Miller’s biographer Peter Holder addressed those gathered and read a tribute on behalf of Chamberlain-Creighton, who enlisted the agent after her baby Azaria was taken by a dingo in 1980.

“When everyone is clamouring for a piece of you all at once, you need someone to help you navigate the overwhelming onslaught and Harry is the best human guard dog you could get,” Chamberlain-Creighton wrote.

“Just like an Alsatian.”

Holder said Miller knew what it meant to be on the “wrong end of the media stick” so felt well qualified to protect the besieged.

Several clients and industry legends became lifelong friends.

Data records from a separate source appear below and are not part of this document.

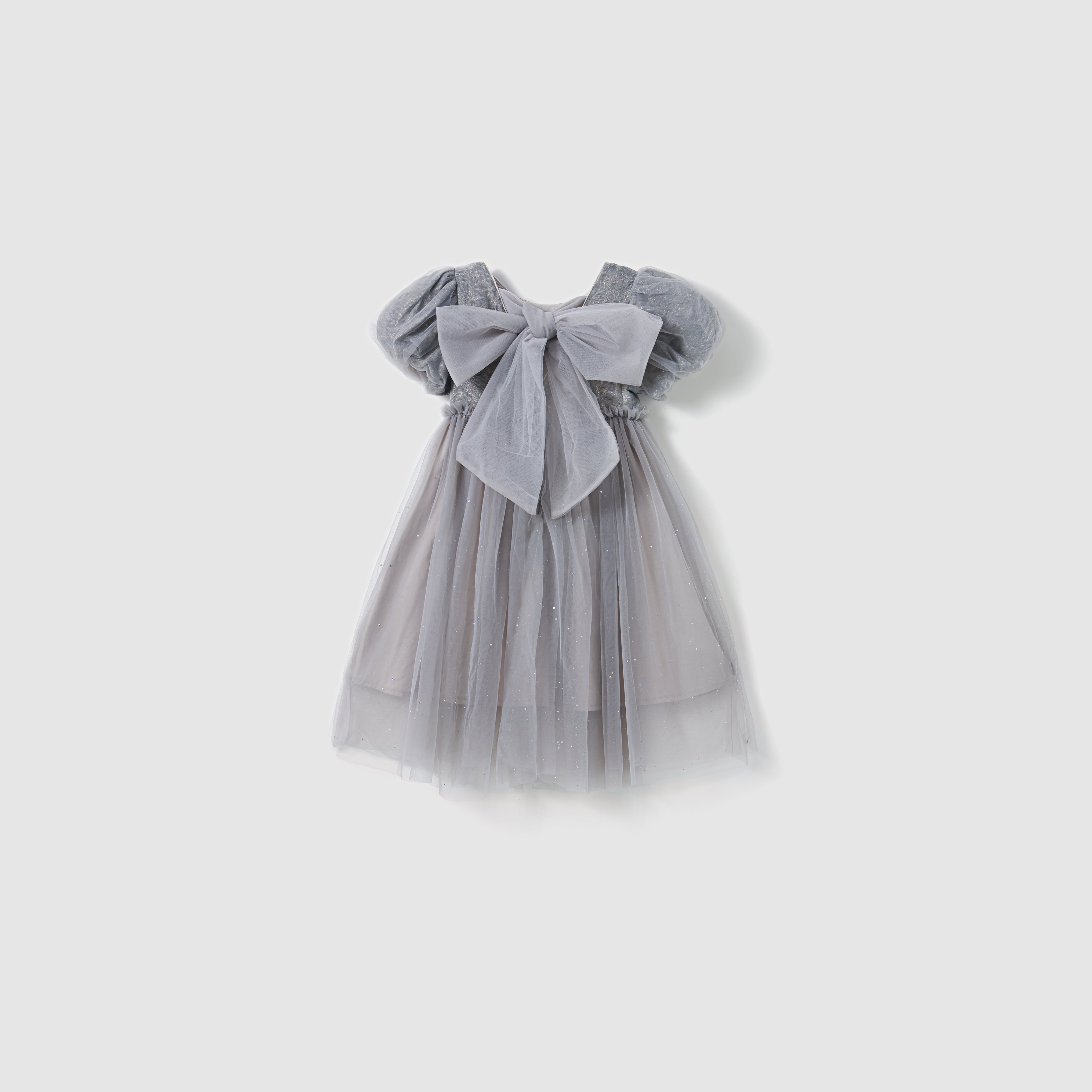 The KIKI and JOJO Dusk Whisper Dress is a glittering gray tulle dress with short puff sleeves and a large front bow, shown against a plain white background.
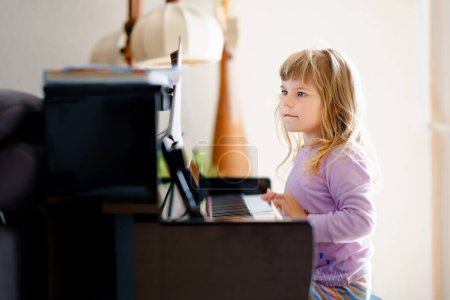 Photo for Beautiful little toddler girl playing piano in living room. Cute preschool child having fun with learning to play music instrument. Early musical education for children - Royalty Free Image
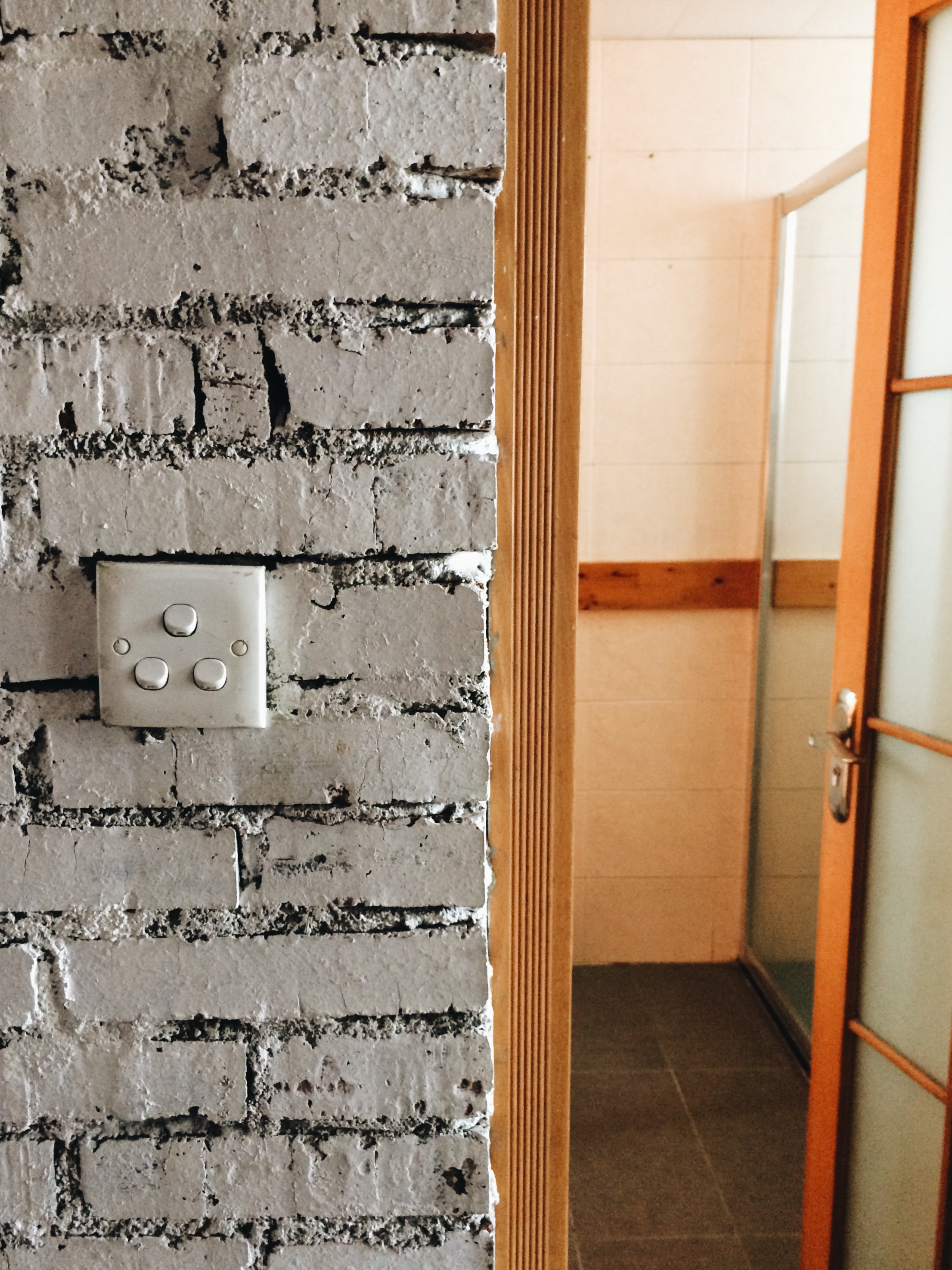 Bathroom light switches on the OUTSIDE of the bathroom.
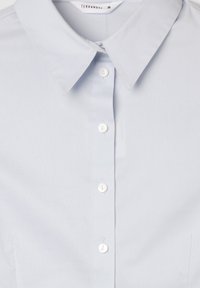 Camicia azzurra chiara con bottoni, realizzata in tessuto liscio, con colletto a punta e cinque bottoni bianchi lungo la parte anteriore. Senza fantasie o dettagli.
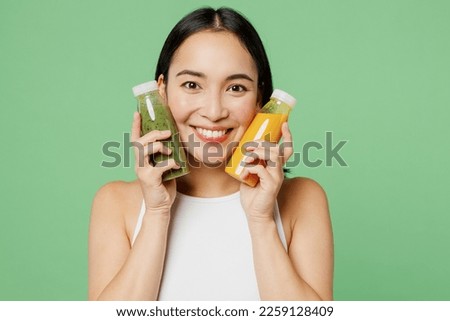 Young fun woan wear white clothes hold fruit juice yellow vegetable smoothie as detox diet isolated on plain pastel light green background. Proper nutrition healthy fast food unhealthy choice concept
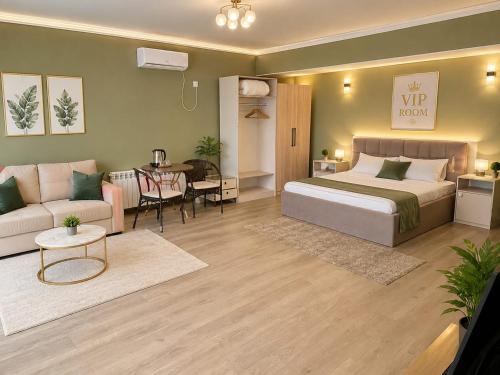 a bedroom with a bed and a living room at Grand Sky Hotel in Almaty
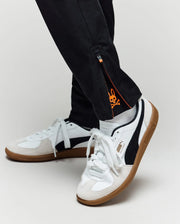 A close-up of a person in Psycho Bunny KIDS MATHIEU COMMUTER PANT (KB0600002) featuring an orange skull graphic inside the ankle zipper, paired with white and black Puma sneakers with gum soles.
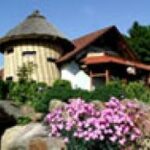 Ein rundes, strohgedecktes Gebäude mit schrägem Dachausbau, umgeben von Grün und blühenden rosa Blumen im Vordergrund.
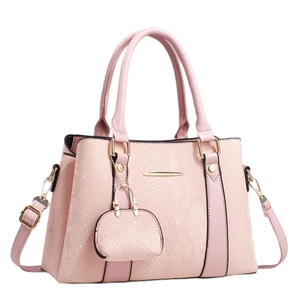 Elegant pink snake textured crossbody handbag with mini pouch charm and gold hardware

“I don’t think we’ll ever see another like him. I loved you, Harry,” former media personality Maggie Tabberer said.

Miller was still in his 20s when he brought US jazz musician Louis Armstrong to Australia.

He was later behind tours of the Rolling Stones, conductor Artur Rubinstein, the Beach Boys and Sonny and Cher.

Miller consolidated his reputation in 1969 by staging the American musical Hair in Australia and later became an agent to the stars.

He was diagnosed in 2011 with vascular dementia – a disease that eventually killed him.

Miller is survived by his third wife Simone Logue and his five children – sons Simon and Miles and daughters Brook, Lauren and Justine.